As any baseball fan would tell you, watching America's greatest past time is not meant to be done so in the cold. I'm not sure how Wisconsinite and Bostonian sports fans are able to manage drinking icy cold brewskies while their fingers endure frost bite gripped around their bottle. The weather in Oxford lately has barely been conducive for baseball.
My usual plan of arrival to Swayze is via the O.U.T. bus -- what better way to ensure a ride to Swayze and a reason to make other people give you a ride back after you've had too many beers? -- but this week I decided to break out the old skateboard that had been in storage for about 10 years. Well, you might have seen an awkward skateboarder gliding down Old Taylor Rd. very precariously with a cooler strapped to his back. You ALSO might have seen said skateboarder bite it pretty hard on the Old Taylor bridge. Note to self: taking the O.U.T. bus is not only more timely but also less embarrassing and a helluva lot safer.

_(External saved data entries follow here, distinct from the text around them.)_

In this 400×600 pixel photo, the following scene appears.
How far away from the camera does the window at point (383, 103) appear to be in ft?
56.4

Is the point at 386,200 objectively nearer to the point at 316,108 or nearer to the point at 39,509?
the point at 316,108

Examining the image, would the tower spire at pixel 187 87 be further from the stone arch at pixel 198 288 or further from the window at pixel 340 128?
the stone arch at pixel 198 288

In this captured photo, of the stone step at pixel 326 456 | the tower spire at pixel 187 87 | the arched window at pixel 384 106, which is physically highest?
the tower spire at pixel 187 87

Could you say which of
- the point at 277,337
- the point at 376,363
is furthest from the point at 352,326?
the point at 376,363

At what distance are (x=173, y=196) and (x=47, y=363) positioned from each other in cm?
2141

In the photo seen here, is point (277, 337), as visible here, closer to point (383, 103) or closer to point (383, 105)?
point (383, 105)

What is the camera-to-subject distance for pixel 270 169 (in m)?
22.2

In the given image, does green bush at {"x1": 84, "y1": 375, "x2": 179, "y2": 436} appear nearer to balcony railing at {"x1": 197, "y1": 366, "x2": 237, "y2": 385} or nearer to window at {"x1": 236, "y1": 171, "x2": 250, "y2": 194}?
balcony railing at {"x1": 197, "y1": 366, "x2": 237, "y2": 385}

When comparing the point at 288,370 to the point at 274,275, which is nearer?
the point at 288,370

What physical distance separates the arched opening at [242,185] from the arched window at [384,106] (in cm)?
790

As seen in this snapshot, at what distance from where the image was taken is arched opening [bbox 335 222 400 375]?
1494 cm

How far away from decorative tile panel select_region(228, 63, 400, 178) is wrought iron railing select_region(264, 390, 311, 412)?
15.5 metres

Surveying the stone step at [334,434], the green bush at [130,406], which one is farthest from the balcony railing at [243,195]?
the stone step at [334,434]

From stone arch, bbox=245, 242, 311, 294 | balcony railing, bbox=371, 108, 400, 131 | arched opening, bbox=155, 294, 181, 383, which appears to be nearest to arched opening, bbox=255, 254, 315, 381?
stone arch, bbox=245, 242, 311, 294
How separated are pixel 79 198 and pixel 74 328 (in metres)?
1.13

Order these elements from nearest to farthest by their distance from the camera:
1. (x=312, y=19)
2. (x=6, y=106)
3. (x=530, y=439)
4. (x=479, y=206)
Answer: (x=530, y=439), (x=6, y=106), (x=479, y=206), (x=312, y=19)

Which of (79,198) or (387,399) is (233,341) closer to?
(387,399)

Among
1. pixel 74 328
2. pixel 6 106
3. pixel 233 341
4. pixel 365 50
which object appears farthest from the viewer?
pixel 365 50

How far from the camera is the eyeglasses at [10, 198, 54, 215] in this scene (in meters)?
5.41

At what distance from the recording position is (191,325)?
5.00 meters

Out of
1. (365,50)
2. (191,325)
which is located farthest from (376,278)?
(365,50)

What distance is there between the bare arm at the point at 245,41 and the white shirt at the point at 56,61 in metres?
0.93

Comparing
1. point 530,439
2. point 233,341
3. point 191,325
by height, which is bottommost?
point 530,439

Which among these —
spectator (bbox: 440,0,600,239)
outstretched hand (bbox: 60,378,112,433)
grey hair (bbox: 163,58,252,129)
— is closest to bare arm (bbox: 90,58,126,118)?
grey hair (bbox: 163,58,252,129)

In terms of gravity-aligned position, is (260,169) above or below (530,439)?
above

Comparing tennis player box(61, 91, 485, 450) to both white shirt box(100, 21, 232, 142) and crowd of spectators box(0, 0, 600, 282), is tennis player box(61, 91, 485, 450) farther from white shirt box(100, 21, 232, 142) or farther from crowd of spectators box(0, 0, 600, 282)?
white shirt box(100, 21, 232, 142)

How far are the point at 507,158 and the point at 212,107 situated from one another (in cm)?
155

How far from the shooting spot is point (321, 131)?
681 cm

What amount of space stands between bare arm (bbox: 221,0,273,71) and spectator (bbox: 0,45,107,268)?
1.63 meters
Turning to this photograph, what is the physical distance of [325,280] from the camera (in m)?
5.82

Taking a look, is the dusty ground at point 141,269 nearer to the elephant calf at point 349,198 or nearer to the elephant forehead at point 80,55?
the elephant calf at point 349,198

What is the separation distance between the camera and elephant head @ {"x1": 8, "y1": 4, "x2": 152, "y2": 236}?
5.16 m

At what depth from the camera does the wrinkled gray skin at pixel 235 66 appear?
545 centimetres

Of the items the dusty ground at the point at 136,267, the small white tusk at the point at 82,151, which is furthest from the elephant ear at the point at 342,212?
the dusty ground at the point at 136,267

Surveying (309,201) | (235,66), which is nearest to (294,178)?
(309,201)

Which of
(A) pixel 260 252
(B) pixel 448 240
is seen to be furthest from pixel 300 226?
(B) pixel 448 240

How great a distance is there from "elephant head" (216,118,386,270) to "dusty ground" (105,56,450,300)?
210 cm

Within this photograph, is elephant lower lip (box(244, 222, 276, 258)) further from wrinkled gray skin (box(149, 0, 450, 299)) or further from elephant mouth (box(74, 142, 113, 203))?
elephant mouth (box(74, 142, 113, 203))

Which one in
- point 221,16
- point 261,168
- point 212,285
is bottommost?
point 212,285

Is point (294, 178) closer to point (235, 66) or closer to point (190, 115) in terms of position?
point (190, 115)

This week's midweek game against Arkansas State (made up from a previous cancellation due to tundra-like conditions at Swayze) was a bit of a snoozer, with only nine hits and three runs scored. It was a quick moving game (2 hours) which I didn't mind considering it was barely 40 degrees with about as much excitement in the air as watching a C-SPAN debate on the height of traffic signs. Regardless, beer was drunk, peanuts were eaten and the Rebs won 2-1.
Swayze Swag levels:
Sikes Orvis: As if his swag isn't high enough already, Sikes seems to be battling past the cold stint he saw in the first couple series of the season. Tuesday Sikes had two hits including one dinger.

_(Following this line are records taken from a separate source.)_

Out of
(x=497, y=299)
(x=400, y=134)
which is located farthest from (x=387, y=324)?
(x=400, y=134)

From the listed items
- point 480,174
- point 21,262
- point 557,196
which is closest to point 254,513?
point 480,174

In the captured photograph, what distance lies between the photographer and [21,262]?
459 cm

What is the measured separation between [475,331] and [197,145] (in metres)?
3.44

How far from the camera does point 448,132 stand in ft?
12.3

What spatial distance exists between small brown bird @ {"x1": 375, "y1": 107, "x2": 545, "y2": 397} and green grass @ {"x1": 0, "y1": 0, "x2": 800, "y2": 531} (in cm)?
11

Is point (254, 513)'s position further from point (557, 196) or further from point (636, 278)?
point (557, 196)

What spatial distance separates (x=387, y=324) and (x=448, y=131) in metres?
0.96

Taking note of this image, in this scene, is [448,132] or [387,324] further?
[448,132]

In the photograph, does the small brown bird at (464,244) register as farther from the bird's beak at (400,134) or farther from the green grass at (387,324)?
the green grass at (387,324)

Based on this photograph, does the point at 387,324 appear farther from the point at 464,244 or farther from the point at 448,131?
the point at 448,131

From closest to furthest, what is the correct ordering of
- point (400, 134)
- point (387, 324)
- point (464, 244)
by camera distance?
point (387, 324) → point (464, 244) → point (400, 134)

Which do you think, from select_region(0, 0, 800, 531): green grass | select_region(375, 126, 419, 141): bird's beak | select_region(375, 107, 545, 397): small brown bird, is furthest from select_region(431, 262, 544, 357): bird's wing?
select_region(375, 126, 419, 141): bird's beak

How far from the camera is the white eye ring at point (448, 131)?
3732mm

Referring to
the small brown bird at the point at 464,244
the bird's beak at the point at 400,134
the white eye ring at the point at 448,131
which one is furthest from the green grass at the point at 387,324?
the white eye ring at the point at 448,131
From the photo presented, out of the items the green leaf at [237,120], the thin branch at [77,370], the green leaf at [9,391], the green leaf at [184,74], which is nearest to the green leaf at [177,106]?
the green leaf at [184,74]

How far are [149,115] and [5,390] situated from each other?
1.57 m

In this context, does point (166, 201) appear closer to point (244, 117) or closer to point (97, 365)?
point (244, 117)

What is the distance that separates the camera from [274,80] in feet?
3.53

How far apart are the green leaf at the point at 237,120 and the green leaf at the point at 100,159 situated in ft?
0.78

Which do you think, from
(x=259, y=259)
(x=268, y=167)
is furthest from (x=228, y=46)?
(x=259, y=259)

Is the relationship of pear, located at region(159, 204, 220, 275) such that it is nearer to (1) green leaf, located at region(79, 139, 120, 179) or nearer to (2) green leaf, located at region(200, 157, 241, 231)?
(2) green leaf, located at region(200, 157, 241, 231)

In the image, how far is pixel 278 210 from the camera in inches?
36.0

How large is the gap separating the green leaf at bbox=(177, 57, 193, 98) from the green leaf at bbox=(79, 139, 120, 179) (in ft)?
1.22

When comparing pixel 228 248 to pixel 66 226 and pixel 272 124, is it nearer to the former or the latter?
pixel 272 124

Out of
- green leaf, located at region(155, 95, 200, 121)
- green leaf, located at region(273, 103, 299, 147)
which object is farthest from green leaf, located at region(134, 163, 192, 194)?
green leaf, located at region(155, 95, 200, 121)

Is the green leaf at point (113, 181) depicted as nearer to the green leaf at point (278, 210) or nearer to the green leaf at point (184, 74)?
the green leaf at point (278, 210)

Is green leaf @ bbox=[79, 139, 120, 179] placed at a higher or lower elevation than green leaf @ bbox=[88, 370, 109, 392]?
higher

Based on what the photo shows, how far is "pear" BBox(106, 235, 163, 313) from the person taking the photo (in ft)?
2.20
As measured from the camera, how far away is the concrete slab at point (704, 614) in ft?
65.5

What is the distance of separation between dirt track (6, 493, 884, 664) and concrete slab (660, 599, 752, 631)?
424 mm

Ole Miss Grounds Crew: Shout out to the infield dirt rakers, outfield grass squeegeers and tarp slip and sliders. These guys work hard to make sure baseball can happen despite the elements. TARPS OUT FOR THE REBS!
Evan Anderson: Evan started out the game in a really shaky mess: in the first inning, he walked two and hit a batter which eventually scored ASU's only run. After that, he settled in strong and went four more innings, striking out three more batters and allowing only two hits.
Tate Blackman: The frosh phenom has yet to impress with his bat. Granted, we are still early in the season, but Tate is batting .105 with 21 ABs. That's 2-21. Tuesday, Tate was 0-3 with a strikeout. Maybe Bianco's options at 2B are a bit limited, but obviously he has a strong faith in Tate to come around. I hope so too. Go get 'em Tate.
Mother Nature: Seriously, go home...you are five Funky daiquiris with extra rum shots drunk. Six inches of snow in Oxford? You have pretty much shut down the town as well as my favorite midweek afternoon activity.
My skateboarding career: RIP in pieces.
GRILLIN' AND CHILLIN'
For the rest of the season, look here to see what I'm eatin' and drankin' in LF. Hopefully it will also give you some ideas for the park or home. This week, because Tuesday was too damn cold AND $1 hot dog night, I opted to show y'all a bit of grilling at home.
Who doesn't love walking by the deli in a supermarket and watching the chicken juice drippings fall on top of each other in their giant rotisserie rack? Well, it's actually pretty easy to bring that smell and taste home. Most rotisserie attachments run $30-$50 depending on your grill but it goes a long way when you are popping out whole chickens that can usually provide you with 2-3 meals. My other go to rotisserie item is stuffed pork loin, the possibilities are endless.
- One or Two 4-5 lb. whole chickens
- 1 small onion, diced
- 3-4 cloves garlic, minced
- 1/2 cup cilantro, diced
- splash olive oil
- splash apple cider vinegar
- your favorite BBQ sauce
- Preheat grill to 350-375 degrees.
- Mix vegetables, oil and vinegar in a bowl.
- Clean and prep chickens. Lift skins of breasts and thighs to make pocket, stuff with vegetable mixture. Also throw some vegetable mixture inside chicken. Truss chicken with butcher's twine.
- Place and secure chickens on rotisserie rod.
- Cook for about 2 hours, basting with BBQ sauce every half hour, until thigh meat is 165 degrees.